INFORMATION GIVEN
= Beginning of Section =

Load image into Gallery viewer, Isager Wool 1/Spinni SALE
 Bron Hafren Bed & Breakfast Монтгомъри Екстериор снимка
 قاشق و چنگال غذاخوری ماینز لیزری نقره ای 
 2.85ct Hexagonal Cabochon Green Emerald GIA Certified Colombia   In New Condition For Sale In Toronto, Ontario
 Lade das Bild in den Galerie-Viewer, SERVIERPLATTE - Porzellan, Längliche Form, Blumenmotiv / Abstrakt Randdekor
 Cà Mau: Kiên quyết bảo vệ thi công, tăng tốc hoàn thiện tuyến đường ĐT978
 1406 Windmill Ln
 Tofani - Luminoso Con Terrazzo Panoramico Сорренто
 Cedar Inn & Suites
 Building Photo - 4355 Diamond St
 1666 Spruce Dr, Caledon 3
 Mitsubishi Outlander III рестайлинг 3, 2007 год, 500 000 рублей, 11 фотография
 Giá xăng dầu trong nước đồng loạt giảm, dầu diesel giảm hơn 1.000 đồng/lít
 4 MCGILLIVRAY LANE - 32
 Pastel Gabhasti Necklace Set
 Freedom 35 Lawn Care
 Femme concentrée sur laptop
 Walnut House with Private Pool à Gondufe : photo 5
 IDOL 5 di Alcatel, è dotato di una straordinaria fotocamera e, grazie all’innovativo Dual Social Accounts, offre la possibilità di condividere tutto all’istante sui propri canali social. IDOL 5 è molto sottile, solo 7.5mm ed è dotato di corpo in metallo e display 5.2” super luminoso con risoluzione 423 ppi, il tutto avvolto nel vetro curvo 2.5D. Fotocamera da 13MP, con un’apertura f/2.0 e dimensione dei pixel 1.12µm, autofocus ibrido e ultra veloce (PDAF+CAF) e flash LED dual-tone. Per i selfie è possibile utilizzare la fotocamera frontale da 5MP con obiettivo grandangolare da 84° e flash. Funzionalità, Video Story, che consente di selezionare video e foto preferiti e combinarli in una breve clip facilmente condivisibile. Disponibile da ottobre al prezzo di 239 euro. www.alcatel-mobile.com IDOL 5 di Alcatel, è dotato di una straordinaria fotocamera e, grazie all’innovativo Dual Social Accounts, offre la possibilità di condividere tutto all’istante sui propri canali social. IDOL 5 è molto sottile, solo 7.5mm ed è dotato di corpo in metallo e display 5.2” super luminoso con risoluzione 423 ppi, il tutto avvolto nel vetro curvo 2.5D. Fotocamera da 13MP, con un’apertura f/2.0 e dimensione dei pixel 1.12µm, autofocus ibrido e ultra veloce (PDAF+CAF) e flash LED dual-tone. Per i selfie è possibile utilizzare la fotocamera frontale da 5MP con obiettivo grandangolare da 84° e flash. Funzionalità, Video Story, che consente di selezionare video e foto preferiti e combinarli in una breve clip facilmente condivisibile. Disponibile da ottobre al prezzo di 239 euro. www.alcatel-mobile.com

= End of Section =

The stretch of entries above that starts with the line containing "Cedar Inn & Suites" and goes on through the line containing "Freedom 35 Lawn Care" is to be transcribed exactly, and no other line is to be transcribed.

 Cedar Inn & Suites
 Building Photo - 4355 Diamond St
 1666 Spruce Dr, Caledon 3
 Mitsubishi Outlander III рестайлинг 3, 2007 год, 500 000 рублей, 11 фотография
 Giá xăng dầu trong nước đồng loạt giảm, dầu diesel giảm hơn 1.000 đồng/lít
 4 MCGILLIVRAY LANE - 32
 Pastel Gabhasti Necklace Set
 Freedom 35 Lawn Care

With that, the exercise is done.